Though resigned to the probability of the Gold Butte designation, Gov. Brian Sandoval said he worked to assure the local communities would continue to have access to water resources. He said he met with the White House and his staff held follow-up meetings.
“We also worked with the White House and Department of Interior to ensure Nevada water law is adhered to and that the Virgin Valley Water District would have access to its water infrastructure for continued development and maintenance,” the governor related.
In the official presidential declaration there is language referring to “existing” water rights, meaning that it is unlikely any new water resources could be developed for future needs since “no new rights-of-way shall be authorized within the monument.”
Additionally, the proclamation says no grazing rights have been permitted on the land since 1998 and no grazing permits will be allowed within the monument.
Sandoval tried to be hopeful, ““My priority was to mitigate any disruption a potential designation may cause the surrounding private land owners, communities and recreationists. We all share a common goal of enacting smart conservation measures which help preserve our lands for the use and enjoyment of all Nevadans. My strong preference is for a more collaborative process when making such an important designation. I firmly believe our ranchers, environmentalists, and community stakeholders are the best experts in ensuring Nevada’s lands are preserved, protected and accessible. I also believe that with this designation comes duties, responsibilities and an expectation that the BLM will properly manage the area and commit the funds necessary to do so.”

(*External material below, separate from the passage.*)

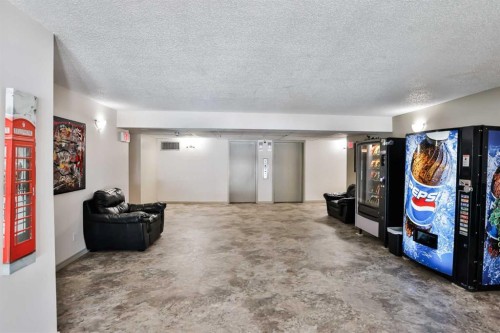 222-21 Berkeley Place West, Lethbridge, AB - Indoor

Though the White House blatantly declared that President-elect Donald Trump cannot undo the creation of this and other monuments, the Congressional Review Act allows a simple majority of each house of Congress to revoke such decisions. It has rarely been successfully used since the president who issued the decision can veto an act of Congress and that takes two-thirds to override. The difference this time is that Trump takes office on Jan. 20.
Also Trump could simply rescind the monument designation, but he has been waffling on whether locals should have more say on federal land issues.
Also, the Nevada Washington delegation is now two-thirds Democrats, who are beholding only to urban Las Vegas.